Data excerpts
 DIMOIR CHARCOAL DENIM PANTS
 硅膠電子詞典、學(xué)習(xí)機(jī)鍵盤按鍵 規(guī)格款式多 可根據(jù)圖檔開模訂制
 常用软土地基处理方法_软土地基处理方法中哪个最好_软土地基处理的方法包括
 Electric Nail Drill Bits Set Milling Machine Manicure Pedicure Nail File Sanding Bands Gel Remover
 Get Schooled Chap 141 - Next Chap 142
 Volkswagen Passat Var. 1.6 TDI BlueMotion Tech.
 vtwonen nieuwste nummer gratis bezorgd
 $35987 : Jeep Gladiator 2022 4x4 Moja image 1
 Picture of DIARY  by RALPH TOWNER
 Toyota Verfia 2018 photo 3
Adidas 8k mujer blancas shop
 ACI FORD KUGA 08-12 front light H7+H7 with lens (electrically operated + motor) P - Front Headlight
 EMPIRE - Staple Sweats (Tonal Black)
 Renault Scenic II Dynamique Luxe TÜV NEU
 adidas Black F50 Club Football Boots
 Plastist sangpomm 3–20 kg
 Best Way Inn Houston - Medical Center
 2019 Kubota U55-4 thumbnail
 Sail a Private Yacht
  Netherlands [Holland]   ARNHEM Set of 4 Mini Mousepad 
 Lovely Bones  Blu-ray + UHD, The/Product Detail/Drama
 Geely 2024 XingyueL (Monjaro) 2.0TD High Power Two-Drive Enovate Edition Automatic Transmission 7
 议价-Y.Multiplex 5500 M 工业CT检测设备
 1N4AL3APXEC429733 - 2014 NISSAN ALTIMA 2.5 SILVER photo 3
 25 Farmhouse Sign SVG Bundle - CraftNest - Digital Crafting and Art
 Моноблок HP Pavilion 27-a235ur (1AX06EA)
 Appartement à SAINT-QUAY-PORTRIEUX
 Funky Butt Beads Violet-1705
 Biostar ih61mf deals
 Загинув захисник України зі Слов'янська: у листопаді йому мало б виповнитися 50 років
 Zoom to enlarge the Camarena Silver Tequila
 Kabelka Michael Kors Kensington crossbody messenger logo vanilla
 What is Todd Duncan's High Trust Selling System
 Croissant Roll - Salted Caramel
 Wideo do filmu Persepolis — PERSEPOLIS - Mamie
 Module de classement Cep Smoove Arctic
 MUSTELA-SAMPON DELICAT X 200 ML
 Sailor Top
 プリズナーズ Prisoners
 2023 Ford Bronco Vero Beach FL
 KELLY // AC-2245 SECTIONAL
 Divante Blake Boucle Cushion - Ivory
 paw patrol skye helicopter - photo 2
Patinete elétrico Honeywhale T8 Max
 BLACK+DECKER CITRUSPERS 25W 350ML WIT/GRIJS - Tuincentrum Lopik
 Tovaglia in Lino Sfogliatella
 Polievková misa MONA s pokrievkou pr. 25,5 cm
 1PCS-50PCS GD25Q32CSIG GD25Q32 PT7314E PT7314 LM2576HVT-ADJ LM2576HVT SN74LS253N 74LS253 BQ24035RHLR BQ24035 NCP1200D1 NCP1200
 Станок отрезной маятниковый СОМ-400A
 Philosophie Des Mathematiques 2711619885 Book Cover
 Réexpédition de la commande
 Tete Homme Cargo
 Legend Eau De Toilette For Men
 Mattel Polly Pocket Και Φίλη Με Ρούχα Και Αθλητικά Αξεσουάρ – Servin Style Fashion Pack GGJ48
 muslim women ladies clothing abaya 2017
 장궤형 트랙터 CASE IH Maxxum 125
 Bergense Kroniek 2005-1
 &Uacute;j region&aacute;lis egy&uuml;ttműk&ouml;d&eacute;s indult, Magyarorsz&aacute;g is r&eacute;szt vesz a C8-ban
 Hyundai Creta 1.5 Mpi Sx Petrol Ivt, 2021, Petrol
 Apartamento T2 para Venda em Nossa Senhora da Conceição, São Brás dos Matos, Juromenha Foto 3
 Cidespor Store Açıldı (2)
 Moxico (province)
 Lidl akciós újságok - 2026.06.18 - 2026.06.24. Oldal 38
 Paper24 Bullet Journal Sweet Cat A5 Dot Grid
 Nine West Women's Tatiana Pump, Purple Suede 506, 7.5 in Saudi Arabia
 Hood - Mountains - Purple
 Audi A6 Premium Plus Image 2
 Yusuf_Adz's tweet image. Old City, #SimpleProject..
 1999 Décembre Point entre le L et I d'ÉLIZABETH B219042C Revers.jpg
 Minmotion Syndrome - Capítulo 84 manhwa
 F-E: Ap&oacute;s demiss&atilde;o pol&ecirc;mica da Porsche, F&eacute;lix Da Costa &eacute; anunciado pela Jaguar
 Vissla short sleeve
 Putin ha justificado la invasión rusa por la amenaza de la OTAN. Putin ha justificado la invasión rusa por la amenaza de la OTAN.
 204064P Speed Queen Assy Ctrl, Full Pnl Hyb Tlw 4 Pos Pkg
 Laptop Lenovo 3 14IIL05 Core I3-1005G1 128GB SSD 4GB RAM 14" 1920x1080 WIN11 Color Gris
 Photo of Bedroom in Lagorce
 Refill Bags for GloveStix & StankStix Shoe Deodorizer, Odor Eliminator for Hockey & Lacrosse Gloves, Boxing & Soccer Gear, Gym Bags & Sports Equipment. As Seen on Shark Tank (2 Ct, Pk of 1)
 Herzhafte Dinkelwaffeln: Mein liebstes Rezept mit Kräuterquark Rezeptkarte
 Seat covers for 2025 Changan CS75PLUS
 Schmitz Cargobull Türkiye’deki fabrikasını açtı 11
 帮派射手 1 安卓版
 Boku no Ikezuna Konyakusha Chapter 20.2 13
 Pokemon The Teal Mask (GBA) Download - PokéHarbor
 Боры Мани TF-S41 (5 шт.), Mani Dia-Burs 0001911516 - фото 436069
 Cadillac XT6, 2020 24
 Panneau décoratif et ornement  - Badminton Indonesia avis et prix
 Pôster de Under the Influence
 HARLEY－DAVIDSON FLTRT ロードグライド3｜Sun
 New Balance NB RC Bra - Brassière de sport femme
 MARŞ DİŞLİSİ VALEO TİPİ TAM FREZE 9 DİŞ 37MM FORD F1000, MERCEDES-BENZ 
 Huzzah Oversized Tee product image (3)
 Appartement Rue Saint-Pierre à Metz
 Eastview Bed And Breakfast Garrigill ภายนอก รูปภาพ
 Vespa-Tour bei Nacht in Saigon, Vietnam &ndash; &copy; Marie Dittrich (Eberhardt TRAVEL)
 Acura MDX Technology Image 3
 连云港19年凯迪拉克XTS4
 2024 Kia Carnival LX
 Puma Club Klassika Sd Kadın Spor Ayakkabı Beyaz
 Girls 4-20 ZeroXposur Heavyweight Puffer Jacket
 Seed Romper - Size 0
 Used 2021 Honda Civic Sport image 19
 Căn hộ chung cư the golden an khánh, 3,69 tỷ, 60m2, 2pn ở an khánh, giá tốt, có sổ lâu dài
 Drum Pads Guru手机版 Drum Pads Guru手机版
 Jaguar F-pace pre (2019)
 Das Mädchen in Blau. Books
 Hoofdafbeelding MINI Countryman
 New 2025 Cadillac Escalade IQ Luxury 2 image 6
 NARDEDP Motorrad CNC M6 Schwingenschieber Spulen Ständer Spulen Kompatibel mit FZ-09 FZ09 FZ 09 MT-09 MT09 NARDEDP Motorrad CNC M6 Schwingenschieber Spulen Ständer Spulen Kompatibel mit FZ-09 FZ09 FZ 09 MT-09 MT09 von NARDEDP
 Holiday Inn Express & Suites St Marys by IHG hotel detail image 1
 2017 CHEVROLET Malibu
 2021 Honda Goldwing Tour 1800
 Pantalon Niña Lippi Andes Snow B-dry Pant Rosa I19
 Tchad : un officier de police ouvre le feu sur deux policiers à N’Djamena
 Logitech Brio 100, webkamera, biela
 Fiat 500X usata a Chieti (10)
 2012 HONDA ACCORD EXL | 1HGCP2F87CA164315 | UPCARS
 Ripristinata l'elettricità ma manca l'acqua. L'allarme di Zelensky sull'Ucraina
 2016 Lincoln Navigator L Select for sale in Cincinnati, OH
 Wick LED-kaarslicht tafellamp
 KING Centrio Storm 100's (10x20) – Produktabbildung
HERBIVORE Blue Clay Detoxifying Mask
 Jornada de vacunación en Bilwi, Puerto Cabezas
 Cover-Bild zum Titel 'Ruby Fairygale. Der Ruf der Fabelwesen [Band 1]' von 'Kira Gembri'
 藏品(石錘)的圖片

▸ Problem: Given the data above, transcribe exactly the lines from the one containing "Hyundai Creta 1.5" down to the one containing "Paper24 Bullet Journal Sweet Cat A5 Dot Grid", and no others.

▸ Solution to the problem:
 Hyundai Creta 1.5 Mpi Sx Petrol Ivt, 2021, Petrol
 Apartamento T2 para Venda em Nossa Senhora da Conceição, São Brás dos Matos, Juromenha Foto 3
 Cidespor Store Açıldı (2)
 Moxico (province)
 Lidl akciós újságok - 2026.06.18 - 2026.06.24. Oldal 38
 Paper24 Bullet Journal Sweet Cat A5 Dot Grid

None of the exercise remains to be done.